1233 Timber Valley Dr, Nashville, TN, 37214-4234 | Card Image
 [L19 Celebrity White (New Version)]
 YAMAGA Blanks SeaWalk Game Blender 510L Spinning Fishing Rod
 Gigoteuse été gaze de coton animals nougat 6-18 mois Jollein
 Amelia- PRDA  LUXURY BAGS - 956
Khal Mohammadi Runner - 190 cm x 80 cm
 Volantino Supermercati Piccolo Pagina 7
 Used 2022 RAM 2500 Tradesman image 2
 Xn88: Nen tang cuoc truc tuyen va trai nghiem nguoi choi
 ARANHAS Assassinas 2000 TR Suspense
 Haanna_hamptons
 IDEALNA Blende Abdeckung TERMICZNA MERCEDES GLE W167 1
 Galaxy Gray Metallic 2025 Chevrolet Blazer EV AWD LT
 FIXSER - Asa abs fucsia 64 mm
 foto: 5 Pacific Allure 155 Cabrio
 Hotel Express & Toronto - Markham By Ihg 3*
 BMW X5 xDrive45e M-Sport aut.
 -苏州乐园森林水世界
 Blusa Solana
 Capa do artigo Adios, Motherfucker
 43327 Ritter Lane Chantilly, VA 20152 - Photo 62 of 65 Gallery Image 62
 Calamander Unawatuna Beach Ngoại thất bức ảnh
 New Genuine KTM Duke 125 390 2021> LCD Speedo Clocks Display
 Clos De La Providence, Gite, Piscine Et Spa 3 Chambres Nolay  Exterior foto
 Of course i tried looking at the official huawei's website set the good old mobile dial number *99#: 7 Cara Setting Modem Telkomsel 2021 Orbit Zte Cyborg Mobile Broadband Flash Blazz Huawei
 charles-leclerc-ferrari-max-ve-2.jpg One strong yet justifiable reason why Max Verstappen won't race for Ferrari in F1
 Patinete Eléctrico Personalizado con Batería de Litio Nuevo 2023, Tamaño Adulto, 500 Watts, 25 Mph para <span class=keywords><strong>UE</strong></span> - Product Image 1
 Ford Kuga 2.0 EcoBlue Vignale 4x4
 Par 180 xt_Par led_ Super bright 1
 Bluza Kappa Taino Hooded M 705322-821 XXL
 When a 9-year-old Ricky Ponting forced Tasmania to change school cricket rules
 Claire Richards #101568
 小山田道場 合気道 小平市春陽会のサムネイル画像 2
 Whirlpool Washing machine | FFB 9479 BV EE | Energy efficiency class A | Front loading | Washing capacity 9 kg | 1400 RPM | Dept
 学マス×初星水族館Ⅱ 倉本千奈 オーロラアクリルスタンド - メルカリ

• _WORK INSTRUCTIONS_:
Lines with the word "strong" in them should be copied from the preceding records.

• _RESPONSE TO THE TASK_:
 charles-leclerc-ferrari-max-ve-2.jpg One strong yet justifiable reason why Max Verstappen won't race for Ferrari in F1
 Patinete Eléctrico Personalizado con Batería de Litio Nuevo 2023, Tamaño Adulto, 500 Watts, 25 Mph para <span class=keywords><strong>UE</strong></span> - Product Image 1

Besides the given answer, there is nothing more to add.